# Directions:
Go through the material and set down every line without alteration.

-- Information provided follows --

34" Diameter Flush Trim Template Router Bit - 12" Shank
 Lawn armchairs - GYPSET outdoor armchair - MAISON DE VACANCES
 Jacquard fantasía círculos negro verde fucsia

-- Information provided concluded --

# Response to the task:
34" Diameter Flush Trim Template Router Bit - 12" Shank
 Lawn armchairs - GYPSET outdoor armchair - MAISON DE VACANCES
 Jacquard fantasía círculos negro verde fucsia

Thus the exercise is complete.